En aquella época, yo no entendía por qué mis padres se sentían tan preocupados por estas estúpidas letras de canciones, pero ahora también siento lo mismo; de algún modo y a pesar de sus esfuerzos, habían engendrado dos anuncios de General Mills; en otras palabras, dos niños normales.
Los dibujos animados y los anuncios de las hamburgueserías hablan a los niños con una voz tan seductora, que los padres no pueden competir con ella. Todos los pequeños quieren tener entre las manos un trozo del mundo de los dibujos, y es por eso que los personajes televisivos y cinematográficos que anuncian juguetes, cereales y comidas han llegado a ser una industria que mueve 16.100 millones de dólares anuales.
También es la razón de que las llamadas empresas de entretenimiento familiar hayan hecho tanto para extender sus fantasías televisivas y cinematográficas por medio de montajes en el mundo real: las exposiciones de las marcas en los museos, las supertiendas de alta tecnología y los parques temáticos al estilo antiguo.

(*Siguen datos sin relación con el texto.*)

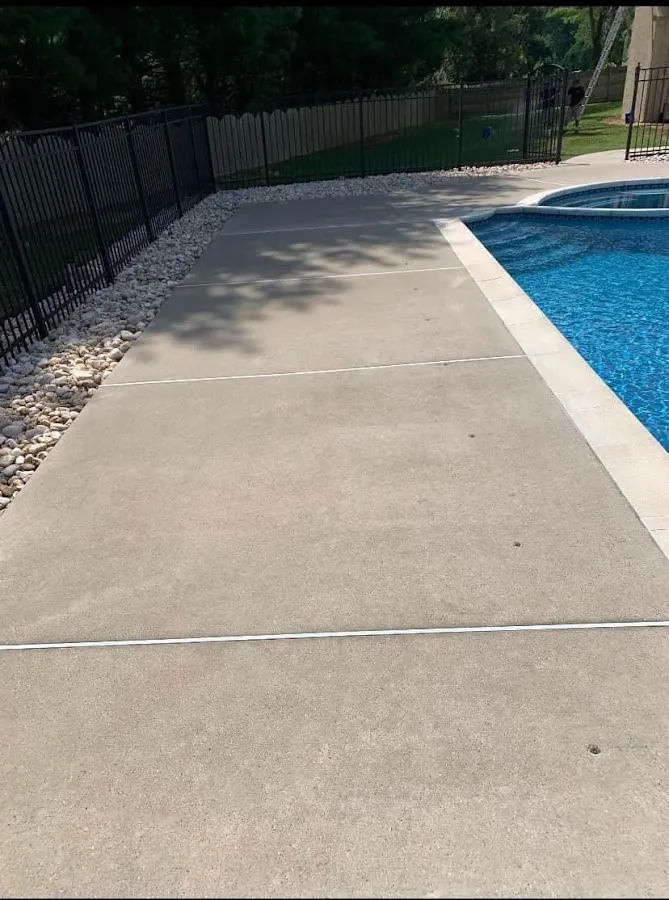 Tiver Window Cleaning & Power Washing photo 4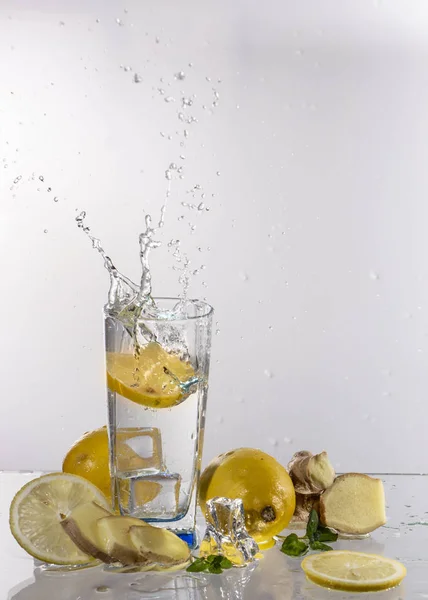 Bir bardak su ile hafif bir arka plan üzerinde limonata — Stok fotoğraf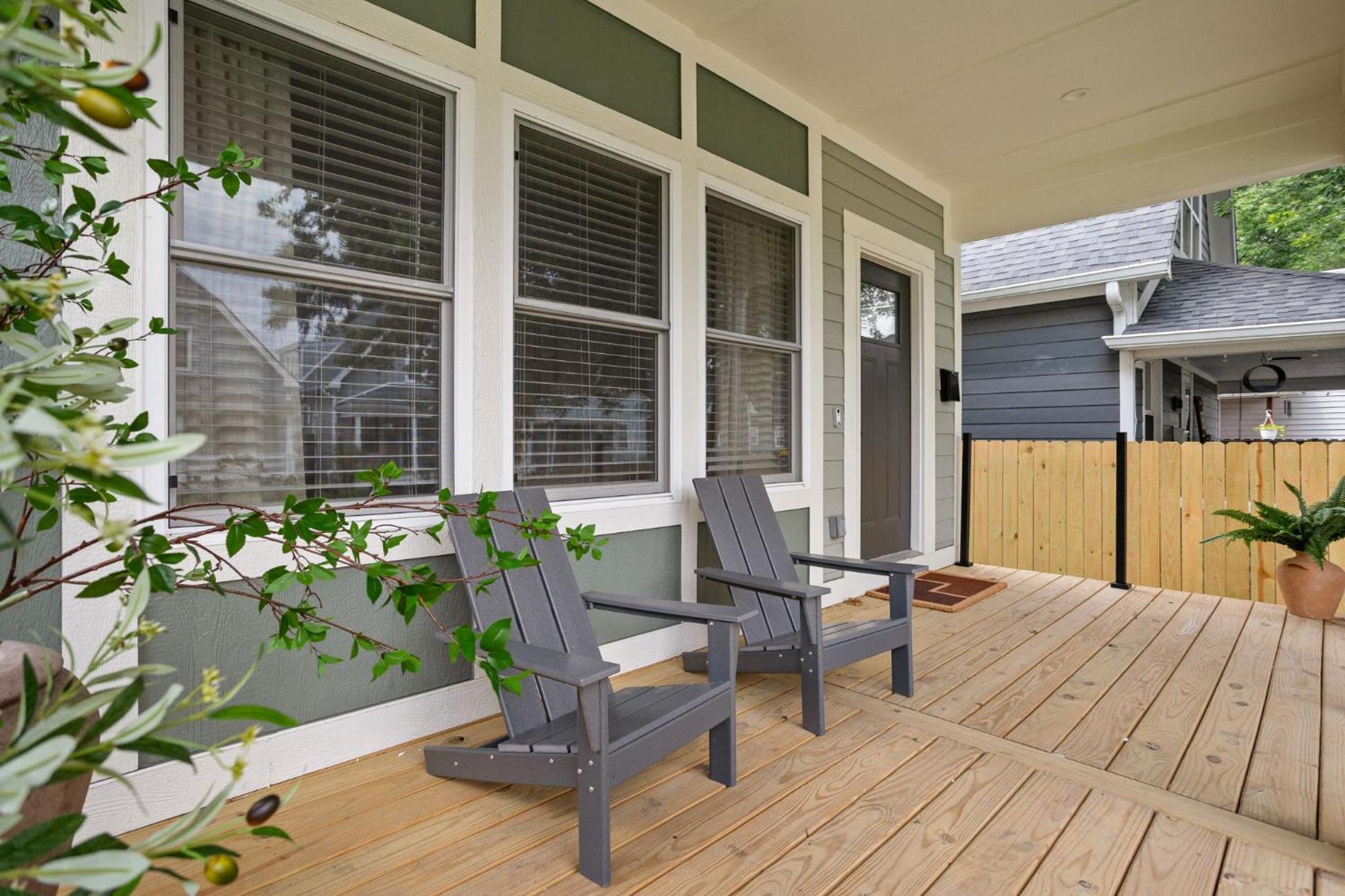 Luxury Retreat Near Downtown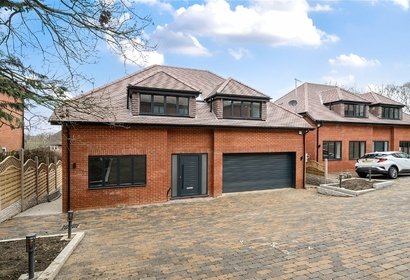 under offer merry hill close london 42650 - Gibbs Gillespie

Ya en 1930 Walt Disney, el abuelo de la sinergia moderna, demostró que comprendía el deseo humano de penetrar en la pantalla de los cines cuando fantaseaba con construir una ciudad Disney separada del mundo real (...).
"Aquellos niños ahora van a las discotecas los sábados por la noche, y satisfacen sus fantasías de plástico en esos ruidosos carnavales de realidad virtual"
Lo que ha cambiado en la década pasada es que ahora todos los miembros del mundo empresarial saben que la necesidad de fundirse con la publicidad cruzada de los productos acoplados de consumo (ya sean juguetes, espectáculos televisivos o zapatillas) no se desvanece mágicamente cuando los niños dejan de comer cereales en el desayuno.
Muchos de los niños que veían dibujos animados por las mañanas se han convertido en adolescentes que van a las discotecas los sábados por la noche, y satisfacen sus deseos de hacer realidad las fantasías de plástico por medio de macutos Helio Kitty adecuadamente irónicos y de cascos inspirados en Japanimation y hechos con cabello azul. Se puede ver algunos de ellos en los Sega Playdiums, que durante las noches de los fines de semana se llenan de esos niños, pero ya crecidos; en esos ruidosos carnavales de la realidad virtual no se permite entrar a nadie con menos de dieciocho años, especialmente en las noches temáticas de South Park.